# ENTRIES PROVIDED:
···
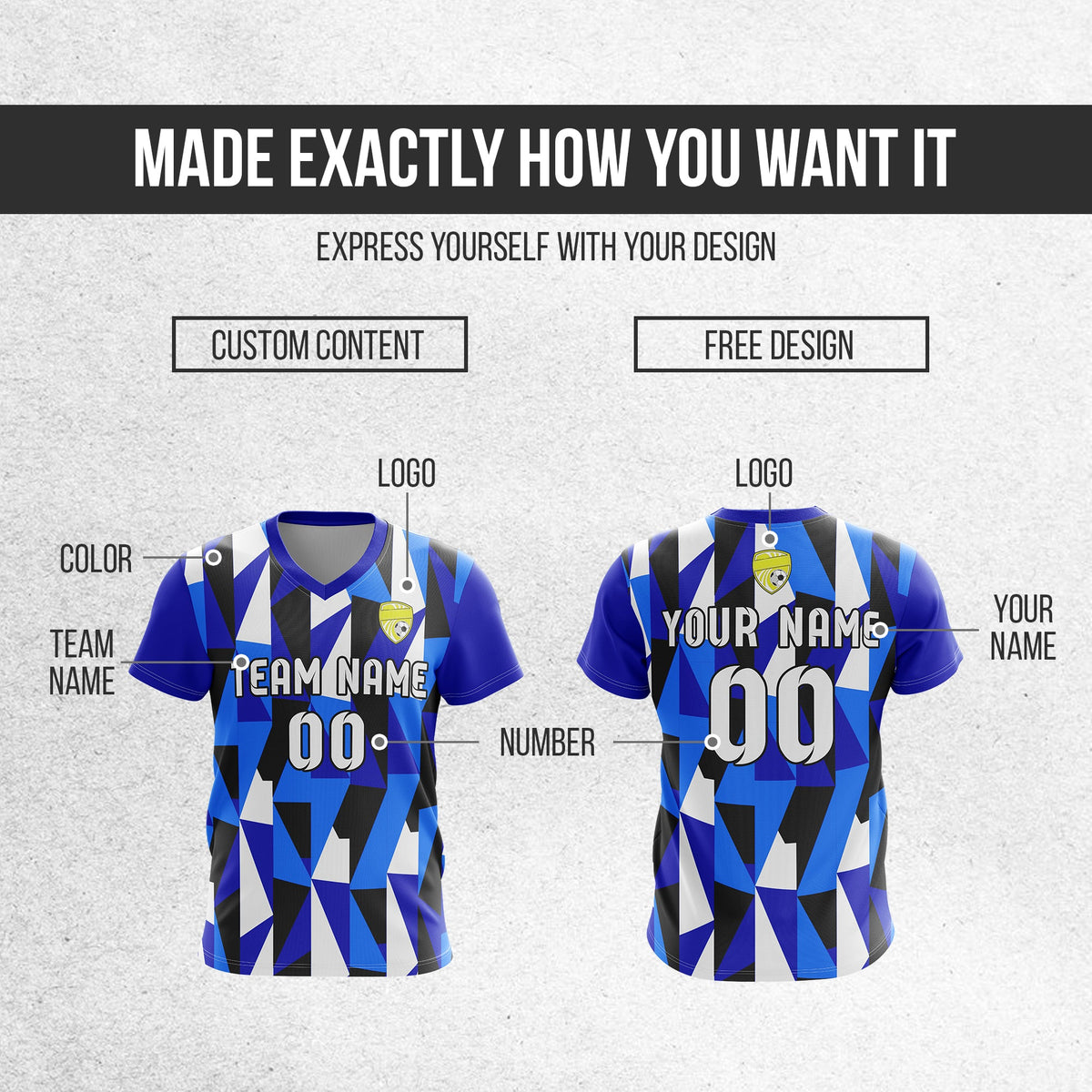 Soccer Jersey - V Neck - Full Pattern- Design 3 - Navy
···
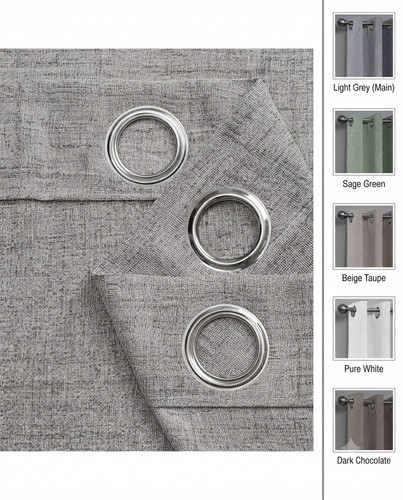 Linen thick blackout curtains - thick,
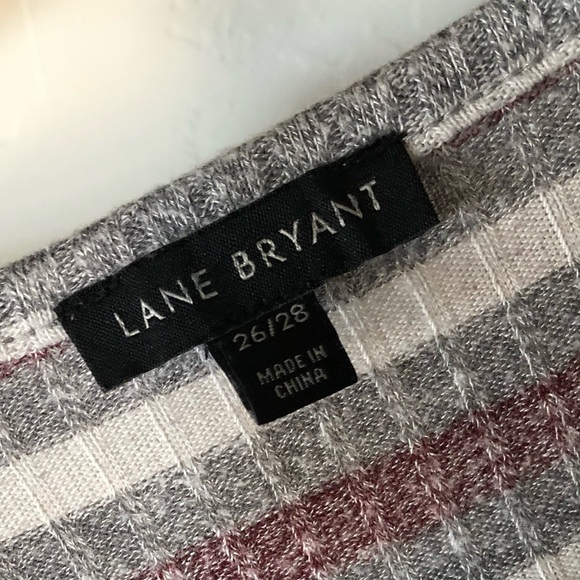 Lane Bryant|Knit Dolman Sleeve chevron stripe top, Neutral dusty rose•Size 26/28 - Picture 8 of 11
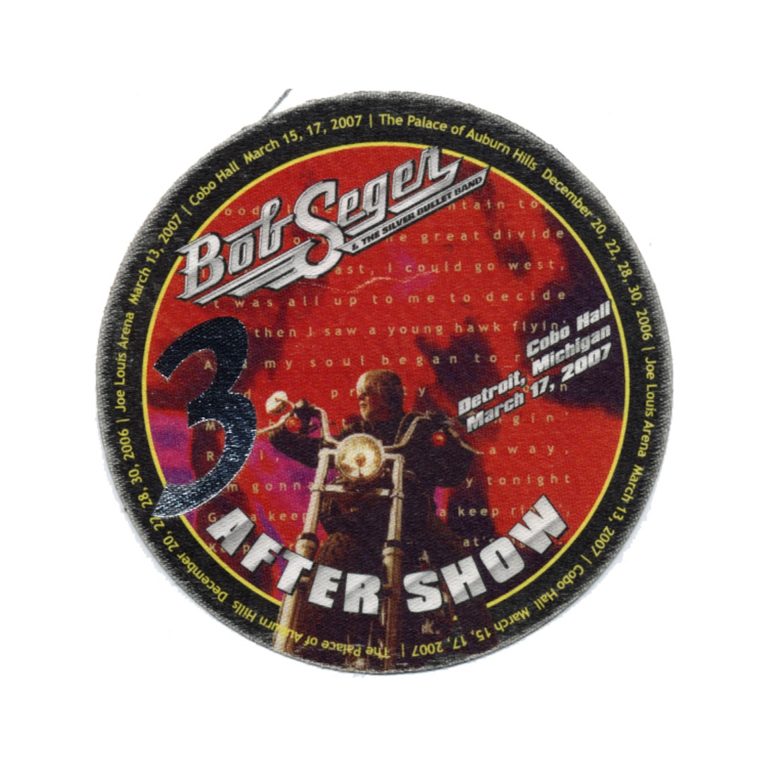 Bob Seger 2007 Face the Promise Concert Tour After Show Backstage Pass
···
# ABOUT THIS EXERCISE:
Within the listing above, find the line containing "Lane Bryant|Knit Dolman" and the line containing "Bob Seger 2007". Transcribe them and everything between them exactly, leaving out the pictures.

# ANSWER SECTION:
 Lane Bryant|Knit Dolman Sleeve chevron stripe top, Neutral dusty rose•Size 26/28 - Picture 8 of 11
 Bob Seger 2007 Face the Promise Concert Tour After Show Backstage Pass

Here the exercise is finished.